Next month, it is very likely the Trump administration will take the next step toward fulfilling the president’s threat to “terminate” one of the most far-reaching and most successful nuclear arms reduction agreements: the 1987 Intermediate-Range Nuclear Forces (INF) Treaty, which led to the verifiable elimination of 2,692 Soviet and U.S. missiles based in Europe.
The treaty helped bring an end to the Cold War and paved the way for agreements to slash bloated strategic nuclear arsenals and to withdraw thousands of tactical nuclear weapons from forward-deployed areas.
On Dec. 4, U.S. Secretary of State Mike Pompeo declared that Russia had fielded a ground-launched missile system, the 9M729, that exceeds the INF Treaty’s 500-kilometer range limit. He also announced that, in 60 days, the administration would “suspend” U.S. obligations under the treaty and formally announce its intention to withdraw in six months unless Russia returns to compliance. Suspension will allow the administration to try to accelerate the development of new missiles currently prohibited by the treaty.
Noncompliance with the treaty is unacceptable and merits a strong response. But Trump’s public declaration that he will terminate the treaty and pursue new U.S. nuclear capabilities will not bring Russia back into compliance with the INF Treaty. Worst of all, blowing up the INF Treaty with no substitute plan in place could open the door to a dangerous new era of unconstrained military competition with Russia.
Without the treaty, already severe tensions will grow as Washington considers deployment of new intermediate-range missiles in Europe and perhaps elsewhere and Russia considers increasing 9M729 deployments and other new systems.

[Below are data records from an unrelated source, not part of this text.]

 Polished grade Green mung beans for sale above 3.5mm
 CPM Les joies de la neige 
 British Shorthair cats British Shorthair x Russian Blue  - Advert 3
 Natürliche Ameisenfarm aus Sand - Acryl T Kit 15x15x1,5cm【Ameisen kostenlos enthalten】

These nuclear-capable weapons, if deployed again, would be able to strike targets deep inside Russia and in western Europe. Their short time-to-target capability increases the risk of miscalculation in a crisis. Any nuclear attack on Russia involving U.S. intermediate-range, nuclear-armed missiles based in Europe could provoke a massive Russian nuclear counterstrike on Europe and on the U.S. homeland.
In delivering the U.S. ultimatum on the treaty, Pompeo expressed “hope” that Russia will “change course” and return to compliance. Hope that Russia will suddenly admit fault and eliminate its 9M729 system is not a serious strategy, and it is not one on which NATO leaders can rely.

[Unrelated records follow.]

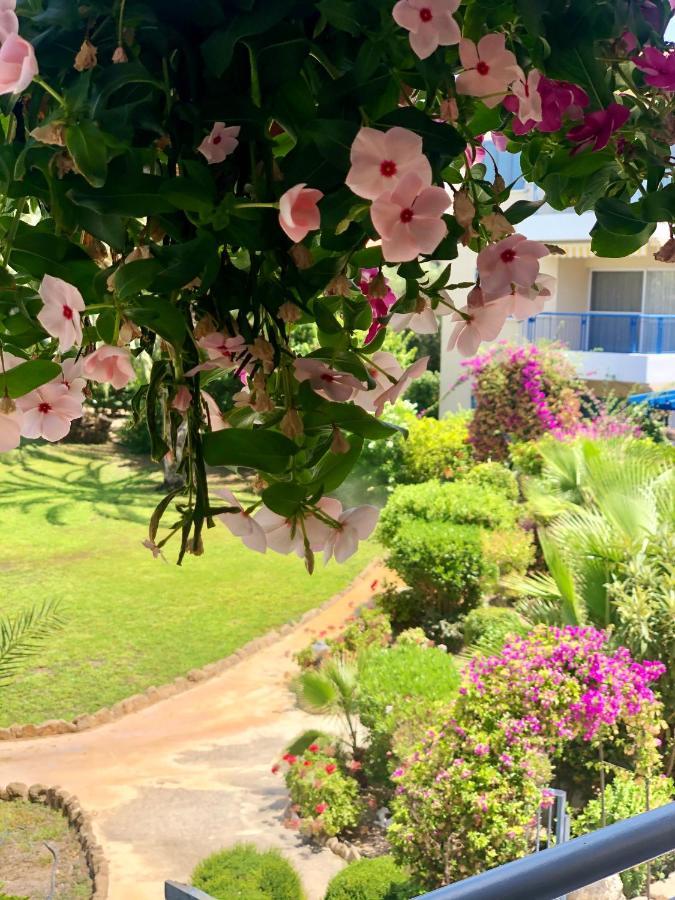 Holiday Apartment Walking Distance To The Sea Paphos מראה חיצוני תמונה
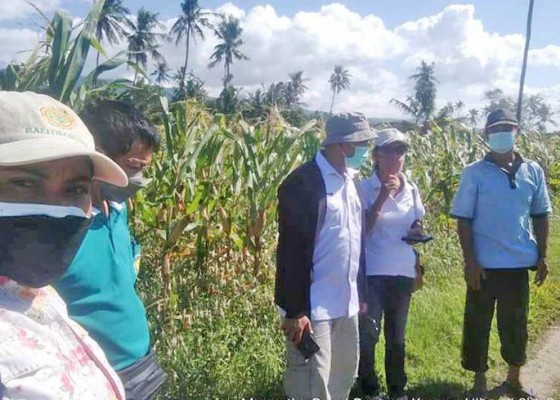 Nusabali.com - jagung-pangan-alternatif-pengganti-beras-produksi-potensial-di-buleleng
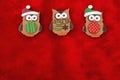 Red Plush Fur and Holiday Owls Christmas Background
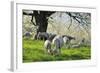 Meadow, Sheep, Graze, Cherry Trees-Herbert Kehrer-Framed Photographic Print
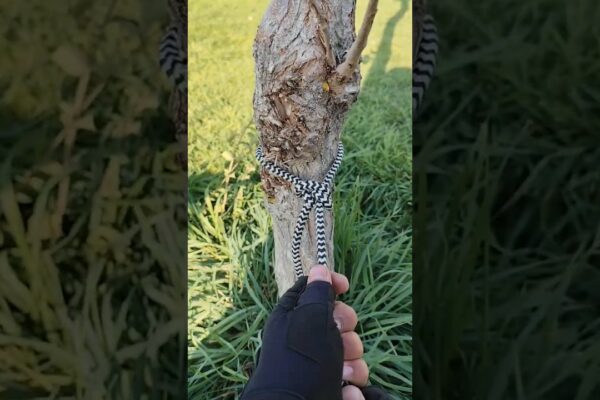 🔥Cel mai puternic nod buclă anti-alunecare #pantaloni scurți #antrenament #supraviețuire #diy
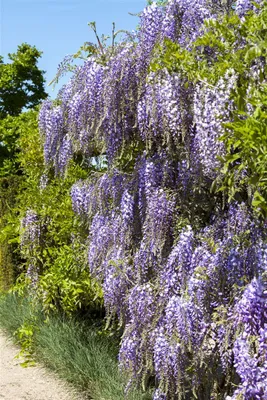 Produktbild von Wisteria floribunda, Japanische Blauregen, 60–100 cm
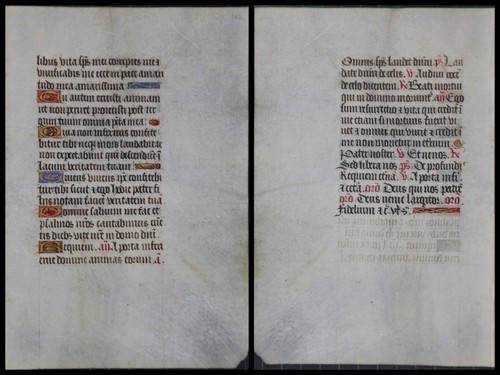 Illuminated manuscript - manuscript, on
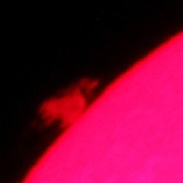 <font class="tempImageTitleThumbText">Prominence On Sun</font><br>Chuck Hunt<br>Aug 1 5:39pm<br>Brook Park, Ohio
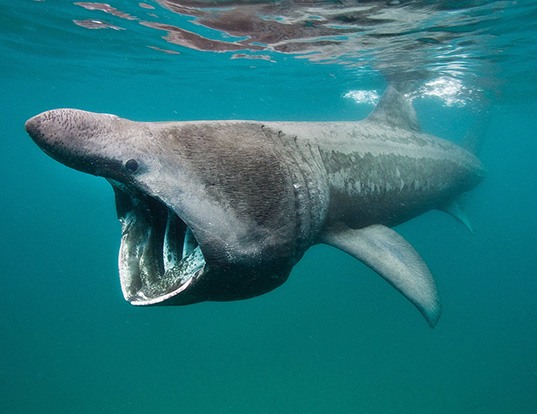 Picture of a basking shark (Cetorhinus maximus)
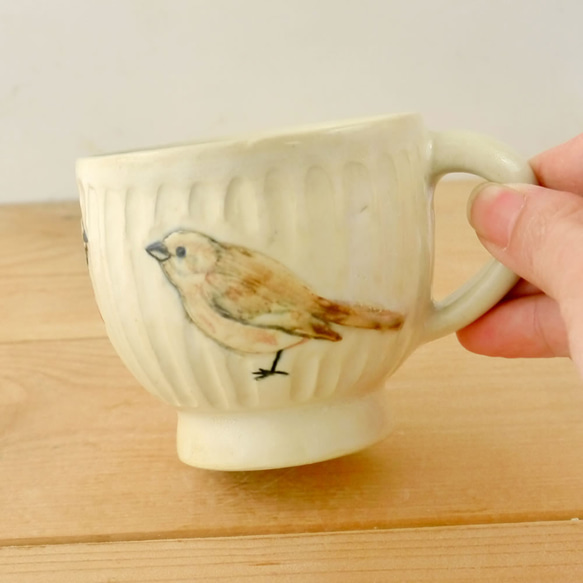 小鳥杯“ Daurian Redstart” 第6張的照片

Instead, NATO members should insist that the United States and Russia redouble their sporadic INF Treaty discussions, agree to meet in a formal setting, and put forward proposals for how to resolve issues of mutual concern about the treaty.

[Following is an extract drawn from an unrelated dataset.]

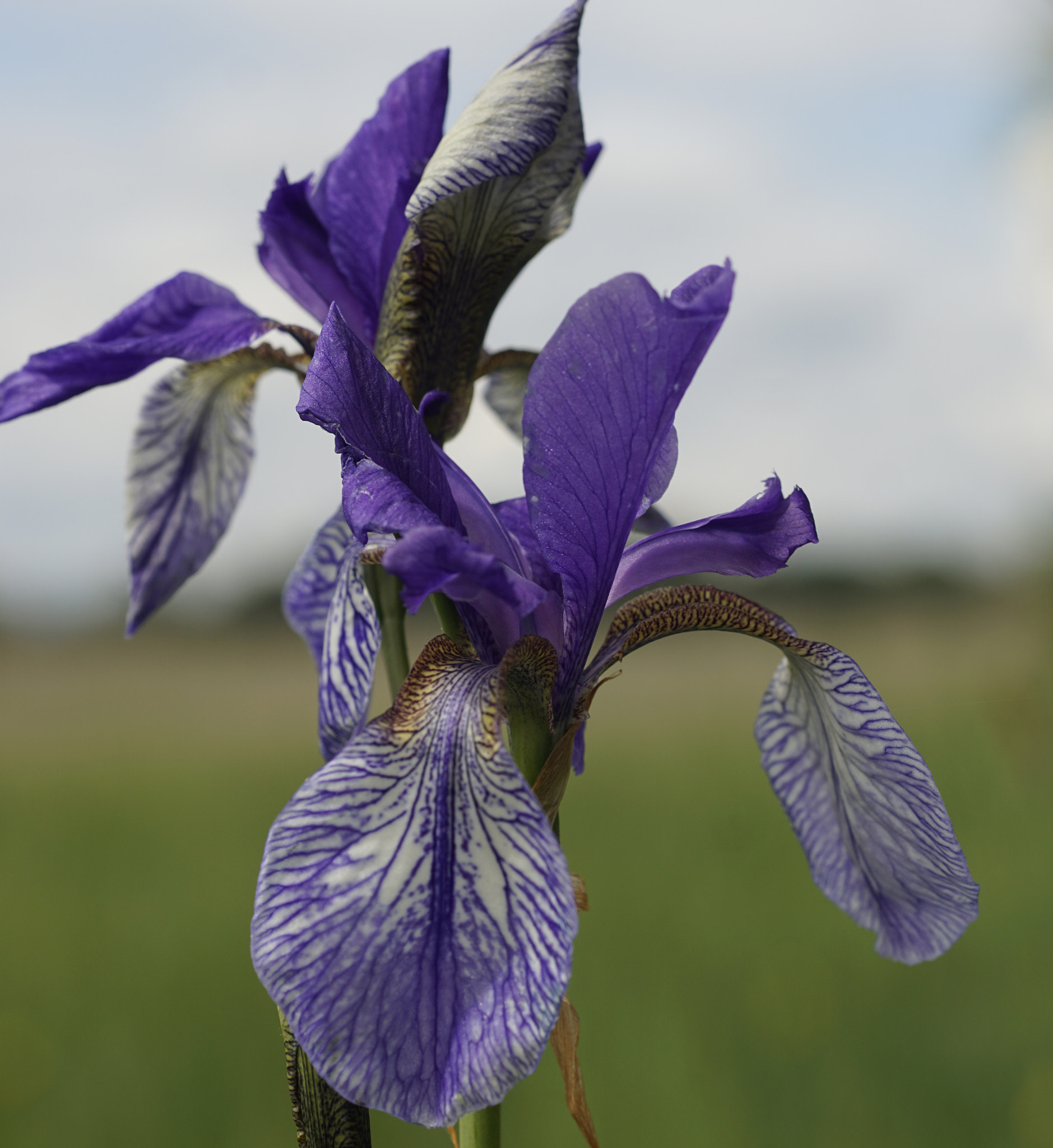 Sony a6000 + MACRO 50mm F2.8 sample photo. Sibirische schwertlilie (iris) in eriskirch photography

Unfortunately, U.S. officials have refused thus far to take up Russia’s offer to discuss “any mutually beneficial proposals that take into account the interests and concerns of both parties.” That is a serious mistake. Failure by both sides to take diplomatic engagement more seriously since the 9M729 missile was first tested five years ago has bought us to this point.
Barring an unlikely 11th-hour diplomatic breakthrough, however, the INF Treaty’s days are numbered. Doing nothing is not a viable option. With the treaty possibly disappearing later this year, it is not too soon to consider how to head off a dangerous and costly new missile race in Europe.
One option would be for NATO to declare, as a bloc, that none of them will field any INF Treaty-prohibited missiles or any equivalent new nuclear capabilities in Europe so long as Russia does not field treaty-prohibited systems that can reach NATO territory. This would require Russia to remove those 9M729 missiles that have been deployed in western Russia.
This would also mean forgoing Trump’s plans for a new ground-launched, INF Treaty-prohibited missile. Because the United States and its NATO allies can already deploy air- and sea-launched systems that can threaten key Russian targets, there is no need for such a system. Key allies, including Germany, have already declared their opposition to stationing new intermediate-range missiles in Europe.
In the absence of the INF Treaty, another possible approach would be to negotiate a new agreement that verifiably prohibits ground-launched, intermediate-range ballistic or cruise missiles armed with nuclear warheads. As a recent United Nations Institute for Disarmament Research study explains, the sophisticated verification procedures and technologies already in place under the 2010 New Strategic Arms Reduction Treaty (New START) can be applied with almost no modification to verify the absence of nuclear warheads deployed on shorter-range missiles.
Such an approach would require additional declarations and inspections of any ground-launched INF Treaty-range systems. To be of lasting value, such a framework would require that Moscow and Washington agree to extend New START, which is now scheduled to expire in 2021.
The INF Treaty crisis is a global security problem. Without serious talks and new proposals from Washington and Moscow, other nations will need to step forward with creative and pragmatic solutions that create the conditions necessary to ensure that the world’s two largest nuclear actors meet their legal obligations to end the arms race and reduce nuclear threats.